Yay! Bunting! Cake! Matasuegras! Male strippers!
_[okay, ewie, that's enough: it's time for your lie-down now]_​


----------



## Loob

I hardly ever come to the Congrats pages. But I was tempted by the male strippers....

Oops, _she adds_, and *also* by the fact that I always enjoy and appreciate your posts, Broc. Roll on the next thousand


----------



## AngelEyes

Ooh, broccolicious...this party of Ewie's sounds too good to pass up. 1,000 posts, huh? Did you ever think you had so many things to share? They _do_ pile up when you're having fun!

Here's a little picture to make you smile.

Now let the nastiness begin.

_Did somebody mention cake? And thighs?_

I'm here for the male strippers, actually. I have my dollar bills and my binoculars...sooooo...

Let's party!

Oh yes...congratulations, too.

*AngelThighsEyes*


----------



## JamesM

Congratulations, Broccolicious...  so glad to have you around!

James


----------



## Broccolicious

Awww... you guys / gals / chorus line!! 

 Thank you - I'm genuinely touched (what a swell party this is) - but I gain much, MUCH more than I give here. (Wow - this really IS my kind of party!)


----------



## Broccolicious

AngelEyes said:


> I have my dollar bills and my binoculars...


 
Binoculars? What are you suggesting about our male foreros?!


----------



## AngelEyes

Broccolicious said:


> Binoculars? What are you suggesting about our male foreros?!


 


They're part of my backup plan. Just in case you wild female Brits _(She points at Loob and Broc) _stand on your chairs and whistle at the talent up there. 

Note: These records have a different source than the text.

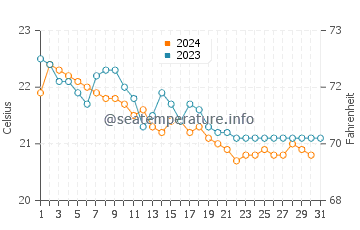 Anfi Del Mar water temp chart in December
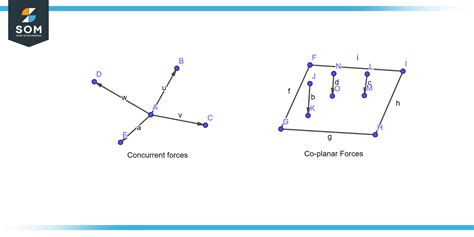 Coplanar Definition And Meaning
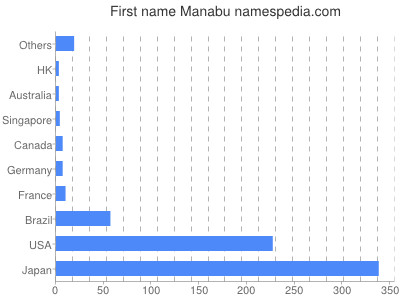 prenom Manabu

I'll get pushed to the back and I'll have to duck around and peek and grab flashes of the good parts. 

Ewie did say there was cake, though, didn't he? That's good, too.

*AngelEyes*


----------



## Chaska Ñawi

I brought some cake to share - there should be enough to go round once the male strippers have all left to write their names in the snow.  

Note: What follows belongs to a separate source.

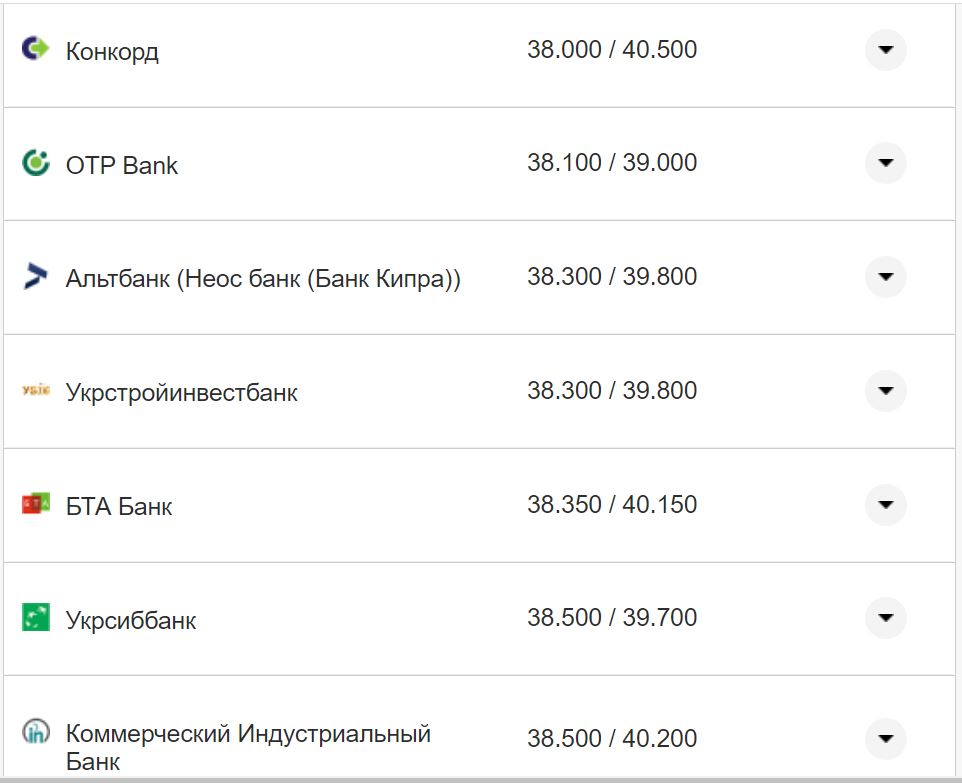 Курс валют в Украине 11 октября 2022: сколько стоит доллар и евро фото 11 10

And where should I put this armload of seedy videos?  

I saw Dobbin tied to the front porch, so I thought that Emma was here at first .... but now I think that Ewie must have ridden him over.

Um .... where was I?

Oh, yes ....

 *congratulations!!!!​*


----------



## Topsie

* Congratulations!*
I was going to bring a bottle of my famous broccoli wine, but I thought my friends here:http://images.zwani.com/graphics/funny_pictures/images/men7qi.gif http://images.zwani.com/graphics/funny_pictures/images/men7qi.gif might liven the party up a bit!
(After all ewie said we could - and he's a mod!)​


----------



## ewie

Chaska Ñawi said:


> I saw Dobbin tied to the front porch, so I thought that Emma was here at first .... but now I think that Ewie must have ridden him over.

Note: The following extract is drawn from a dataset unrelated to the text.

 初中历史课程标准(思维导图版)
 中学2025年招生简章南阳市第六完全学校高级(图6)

Couldn't possibly comment.

Topsiez, your picture gave me motion sickness after about ½ an hour.


----------



## AngelEyes

And this is what those guys looked like before all the female members here got through with them. 

It's amazing how a little exercise and positive motivation turned them into a group of mighty fine _Broc_ entertainers.

*AngelEyes*

P.S.
Who's Dobbin? Oh, wait. Is that Emma's horse?


----------



## Broccolicious

Ah, Dobbin! How I've missed him!! Topsie and AngelEyes, thank you for my new screensaver and my family Christmas photo, respectively!

Mmm... the Brocquettes? Now there's a gap in the market...


----------